The Pittsburgh Steelers will face the top team in the NFL on Sunday, as they will cross Pennsylvania to take on the 6-0 Philadelphia Eagles, the last remaining unbeaten NFL team this season.

The Steelers don’t typically play the Eagles all that often, but this will actually be the third time in three seasons that Pittsburgh and Philadelphia have faced each other on the gridiron.

In 2020, Ben Roethlisberger and Chase Claypool lit up a Carson Wentz-led Eagles squad that was a disaster. The Eagles fired Doug Pederson and hired Nick Sirianni. Wentz, the hero of the Eagles’ 2017 Super Bowl season, if not the game, was traded for a pair of draft picks.

The Eagles started to rebuild their offense around Jalen Hurts at quarterback. The Steelers saw that team, but not much of Hurts, in the 2021 preseason. Dwayne Haskins led the Steelers to a second-half comeback win.

As a full-time starter for the first time, Hurts and the Eagles got out to a slow start that season. Through seven games, he had an 89.5 passer rating and the Eagles were 2-5.

“Nick Sirianni-Jalen Hurts is a like a bad science experiment,” read the headline from the Philadelphia Inquirer on Oct. 30, as columnist Mike Sielski called for the benching of Hurts for backup Gardner Minshew. “The Eagles are 2-5 and going nowhere,” wrote Sielski.

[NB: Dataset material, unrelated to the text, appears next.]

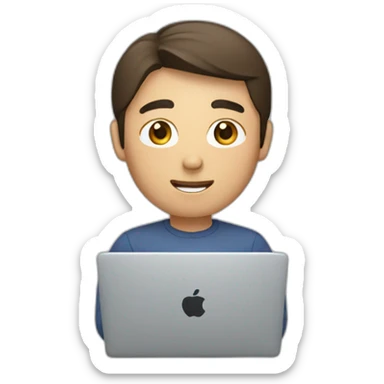 asian-man-with-brown-hair-working-with-macbook sticker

The Eagles won seven of their next nine games and made the playoffs. Other than a meaningless Week 18 game, the Eagles have won 13 of 15 since they were written off after a 2-5 start to the 2021 season. Seems like the science experiment was at least decent.

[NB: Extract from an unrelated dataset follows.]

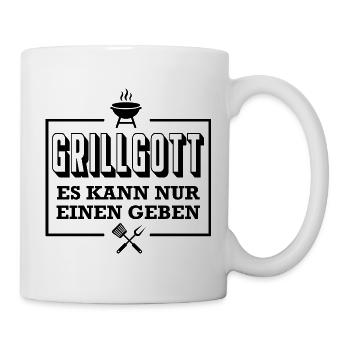 Grill Gott Es kann nur einen geben Grillsprüche - Tasse - Weiß - Rechts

Furthermore, while the Eagles have added to their roster over that time, it hasn’t been overly drastic. They traded for wide receiver A.J. Brown, signed cornerback James Bradberry and outside linebacker Haason Reddick and drafted defensive tackle Jordan Davis in the first round — to use him as a rotational player. 

On the whole, this is not a dramatically revamped Philadelphia team. Of the Eagles that have started 6-0 this season, 10 of the 11 offensive starters and eight of the 11 defensive starters were on the team that started 2-5 a year ago. They just stuck with it and got better.

That makes an interesting juxtaposition to the Eagles opponents this week, which have also started the season with a 2-5 record with a first-time NFL starter at quarterback in Kenny Pickett.

The spark for the 2021 Eagles was not merely mid-season improvement from Sirianni and Hurts. The team’s schedule also lightened significantly in the second half of the year. The Eagles finished 9-8 and in the playoffs despite going 0-6 against other teams that made the postseason.

After facing the Eagles this week, the Steelers face one team (the Baltimore Ravens) that is currently in a playoff position. They will face just two (the 4-3 Ravens and 4-3 Cincinnati Bengals) that have a winning record. In aggregate, the Steelers’ opponents after the bye week are 26-35-1.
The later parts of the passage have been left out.